Сам не знаю, как, но я слышал этот треп, а еще побывал в дебрях Африки, в прериях Аризоны, на узких улочках Толедо и в окутанном смогом Шанхае, где все кишело китайцами, которые столпились на моих роговицах – все 24.000.000. Я знал каждого поименно, как если бы был микробом, клонировавшим себя для турне по планете. «Веселая же у тебя смерть, приятель!» – подумал я.

Но прежде, чем корова-вечность слизала меня шершавым языком, чтобы, распробовав, понять: скормили ли ей разнотравье или угостили пучком сочного клевера, я побывал в одном миллионе городов, поселков и деревень, где со мной прощались, как с дорогим гостем. Что же во мне особенного? Я призадумался. Стал тормошить тельце, из которого мне даже пришлось выйти.

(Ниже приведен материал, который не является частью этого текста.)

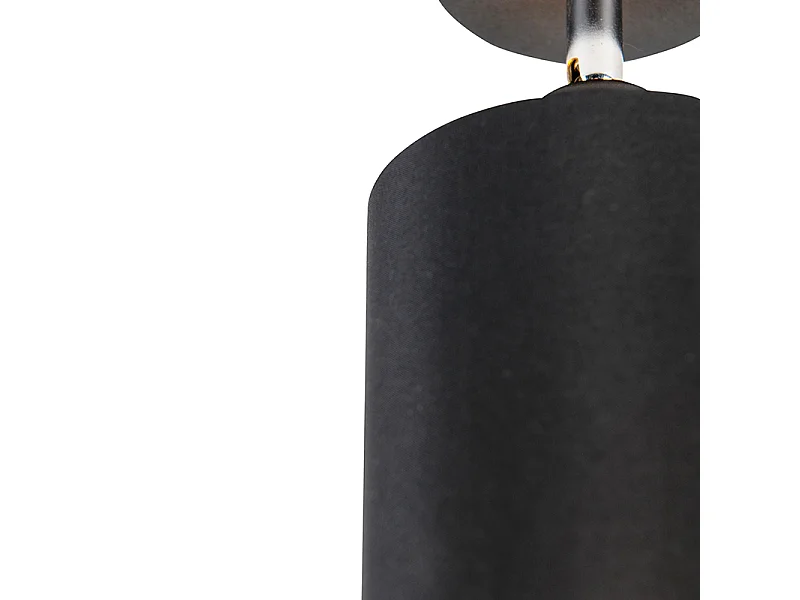 Spot noir moderne orientable en saillie - Lofty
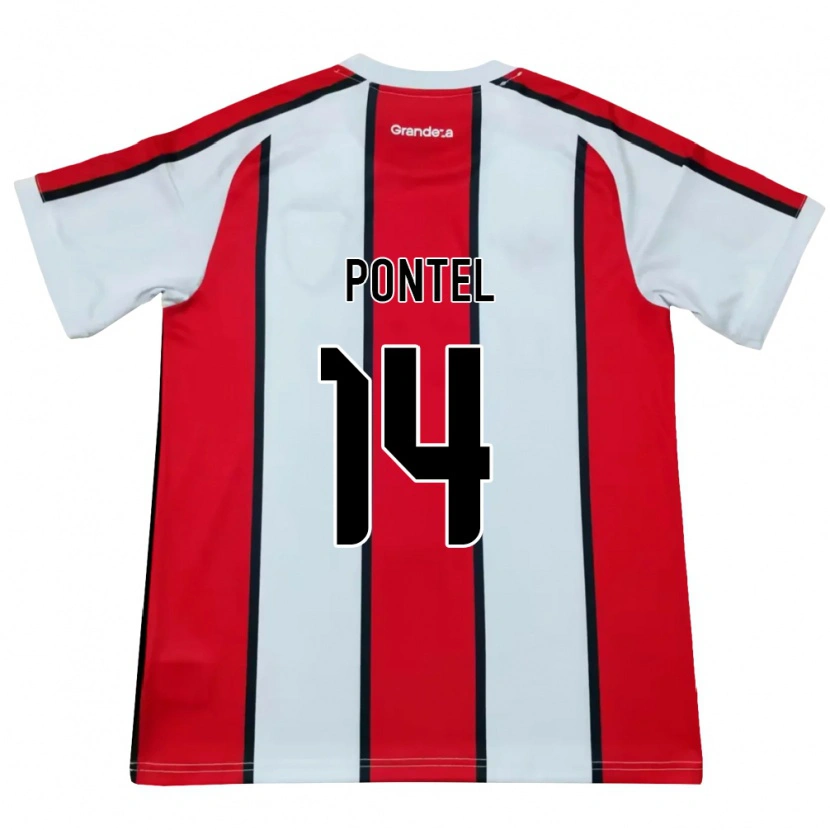 Danxen Herren Daniela Pontel #14 Weiß Rot Schwarz Auswärtstrikot Trikot 2026/27 T-Shirt Österreich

А затем я лихо нырнул в кровоток, в перебитую артерию, в которой эритроциты оказались зелеными, как ирландцы в день Св.Патрика. Веселье, которое здесь царило – очевидно, до здешних еще не добрались слухи об осколке, торчавшем из моего окровавленного виска – приободрило меня, и я даже осмелился заглянуть в свой приоткрытый рот: зубы были целы, язык не прикушен, а голосовые связки (chordae vocales verae) были идеальны, ведь логопед, к которому меня таскала мать, вылепил их, как скульптор, удаливший резцом все лишнее: ламбдацизмы, сигматизмы, ротацизмы.

Затем я прошелся по спине. Одна лопатка торчала – результат родовой травмы: акушерка выдавливала меня, запретив матери делать «кесарево», мол, начинать жизнь с поблажек не по-мужски. В отместку я заперся в утробе, пока меня не вытолкали «взашей» с ассиметричным, хотя и красивым личиком: что-то от отрока Васнецова, глаза которого – блестящие, с поволокой – до безобразия широки, а черты лица хрупки, как церковный хрусталь, шея тока, как свеча, абрис щек замысловат, как византийская вязь, уши нежно очерчены, а рот одновременно кроток и дерзок. Думаю, я бы свел с ума не одну женщину, если бы дожил до возраста либидо, когда в уши мальчишке, прильнув к ним влажными, горячими губами, природа шепчет слова любви…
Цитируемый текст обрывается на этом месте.